#### Source data
=== Begin Enclosure ===

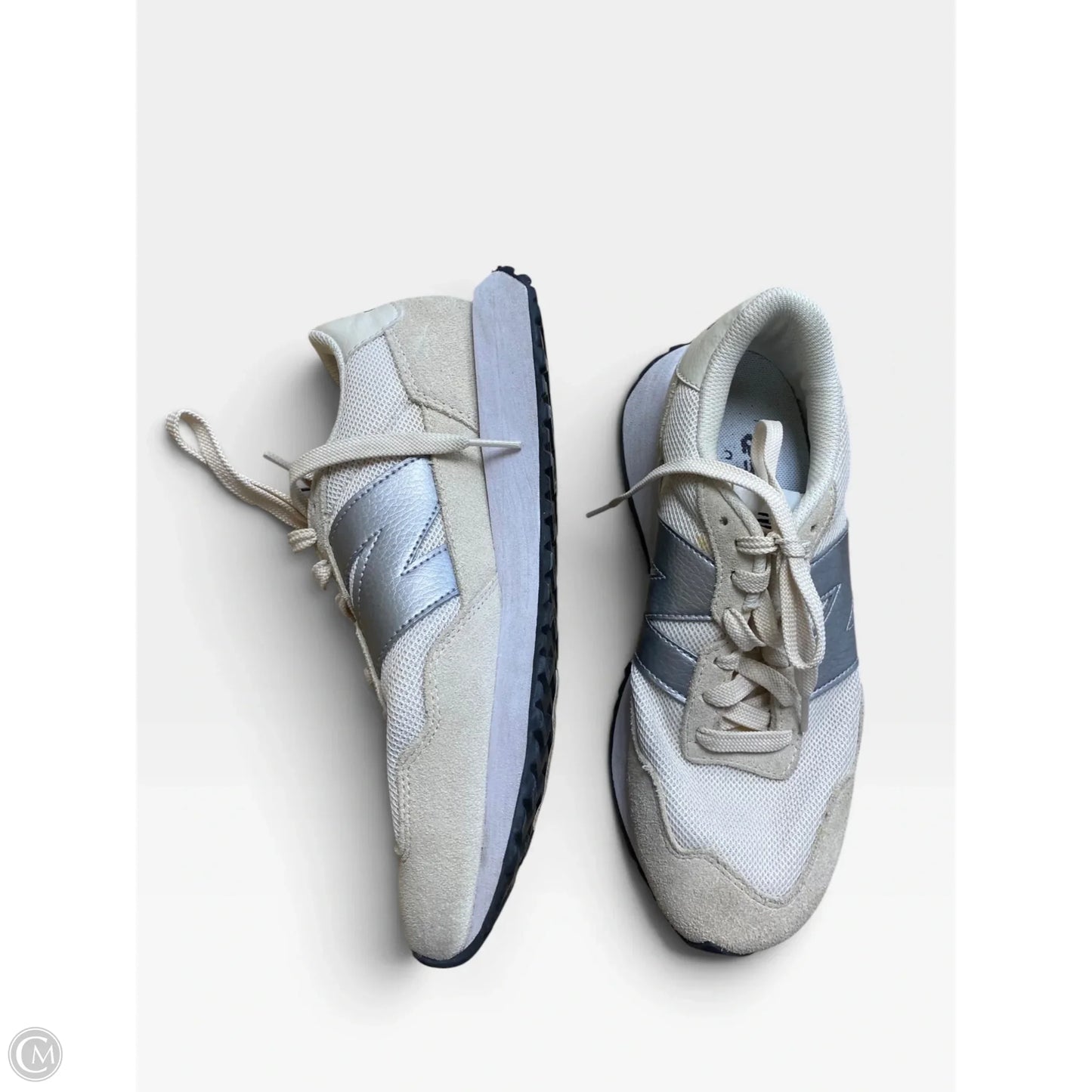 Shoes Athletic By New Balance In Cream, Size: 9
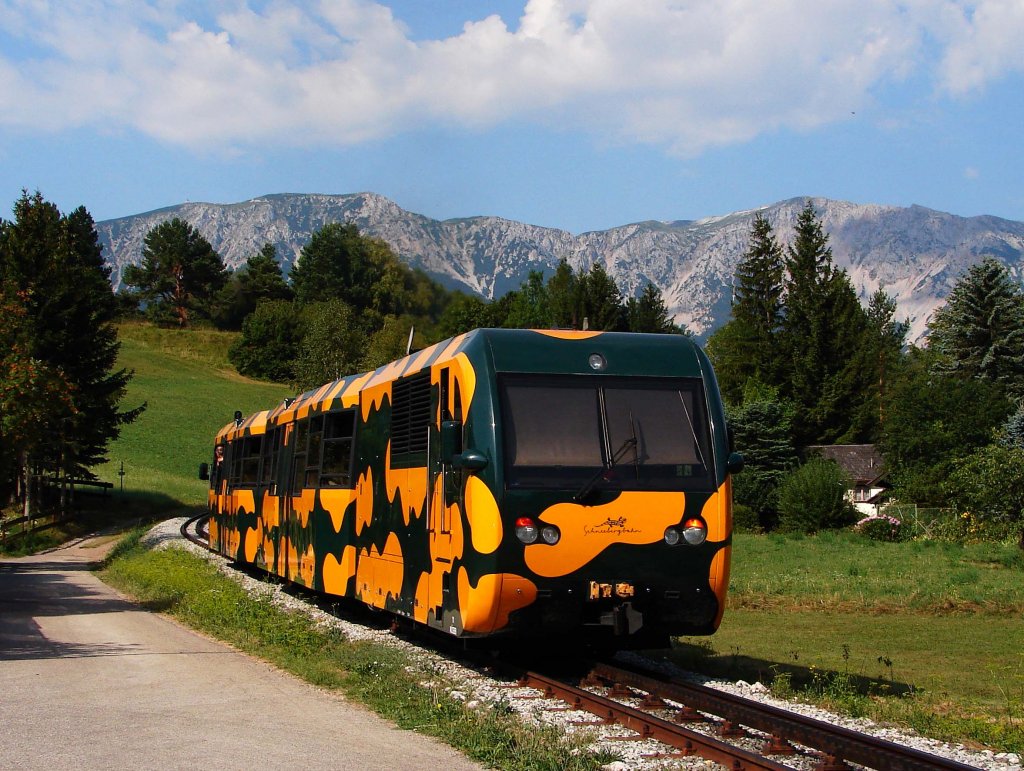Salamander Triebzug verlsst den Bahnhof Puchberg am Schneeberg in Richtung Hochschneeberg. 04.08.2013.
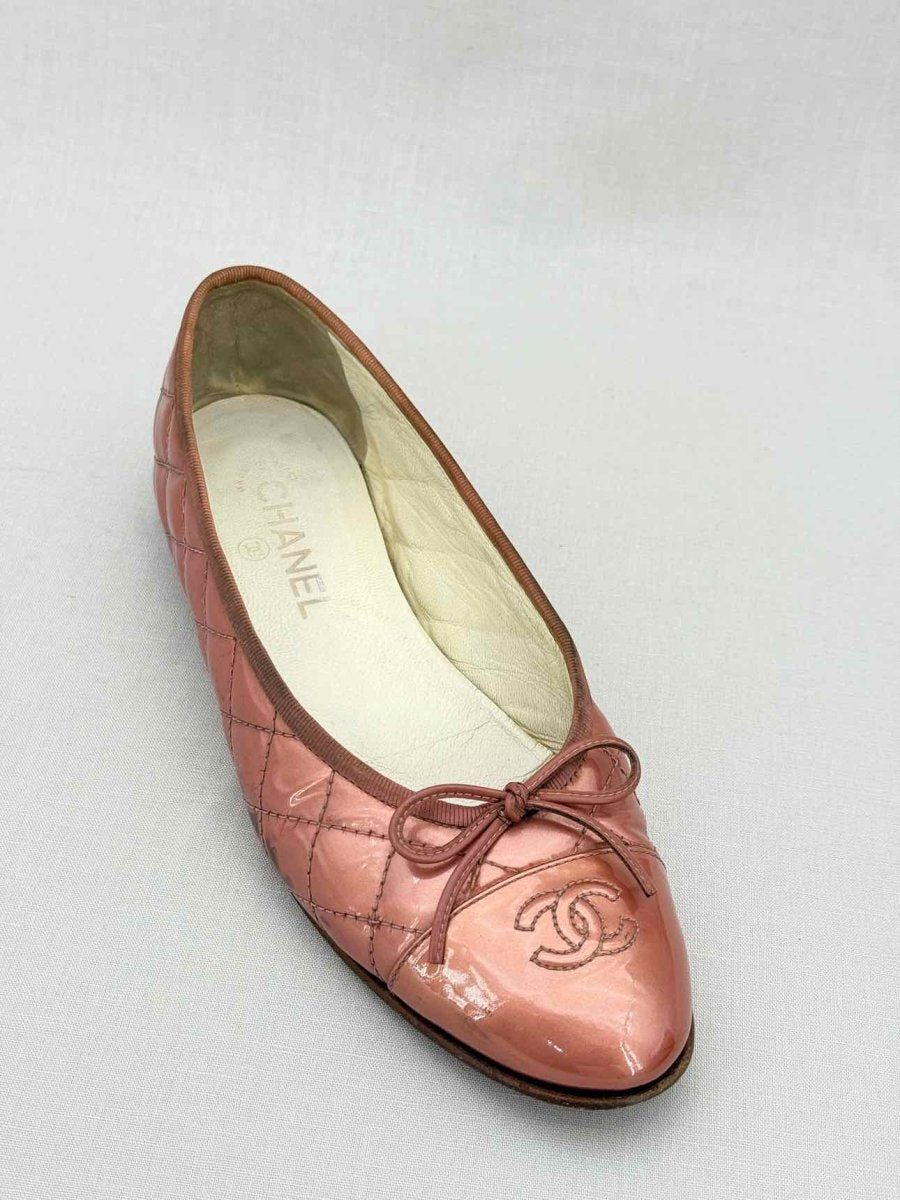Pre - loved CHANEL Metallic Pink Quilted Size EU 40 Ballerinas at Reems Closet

=== End Enclosure ===

#### About this task
Using the material above, set down every line exactly, but skip the pictures.

#### Answer for this exercise
 Shoes Athletic By New Balance In Cream, Size: 9
Salamander Triebzug verlsst den Bahnhof Puchberg am Schneeberg in Richtung Hochschneeberg. 04.08.2013.
Pre - loved CHANEL Metallic Pink Quilted Size EU 40 Ballerinas at Reems Closet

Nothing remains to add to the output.